Sommes-nous condamnés à l’attente ? Du titre du vingt-cinquième opus de la saga, Mourir peut attendre, jusqu’au report du film d’avril à novembre, pour cause de virus épidémiologique, en passant par changement de réalisateur et accident de tournage, les péripéties bondiennes nous plongent en pleine réflexion beckettienne : pourquoi G0d0t7 ne vient-il pas ?

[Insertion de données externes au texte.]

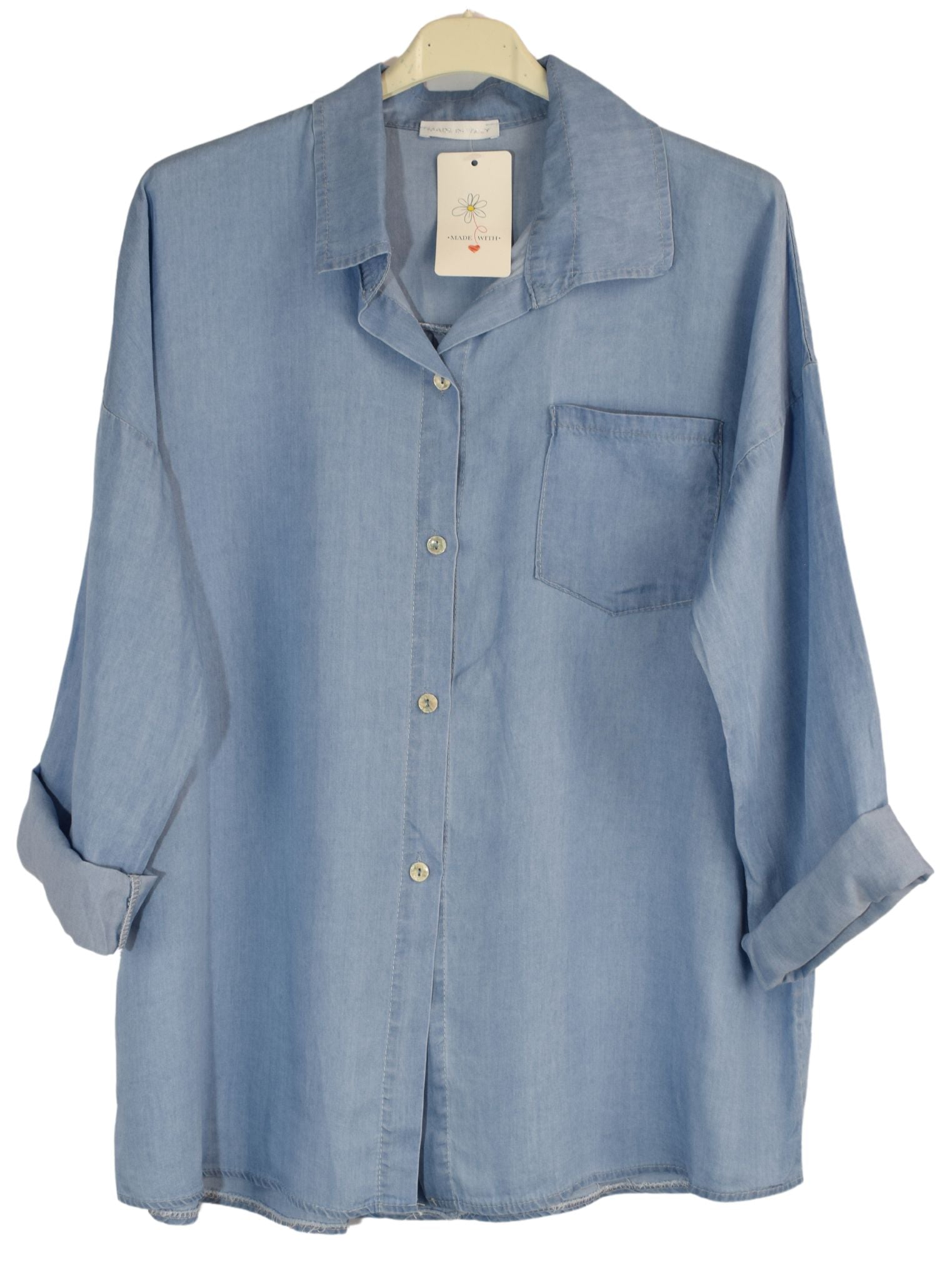 Collared Neck Buttoned Denim Shirt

Tapis rouge et avant-première hollywoodienne sont désormais rangés au placard. Comme la soirée Black Tie prévue à Monaco la veille de la sortie mondiale du film, le 7 avril 2020, sous le haut patronage de Son Altesse Sérénissime le Prince Albert II. A cause de l’annulation de la projection du film, les événements glamour laissent aujourd’hui une scène vide, entre désolation et abandon. Une scène à la Beckett, où James Bond erre désormais seul, comme le vieux Krapp solidaire et désœuvré dans le monodrame La dernière bande, pièce en un acte avec un seul personnage.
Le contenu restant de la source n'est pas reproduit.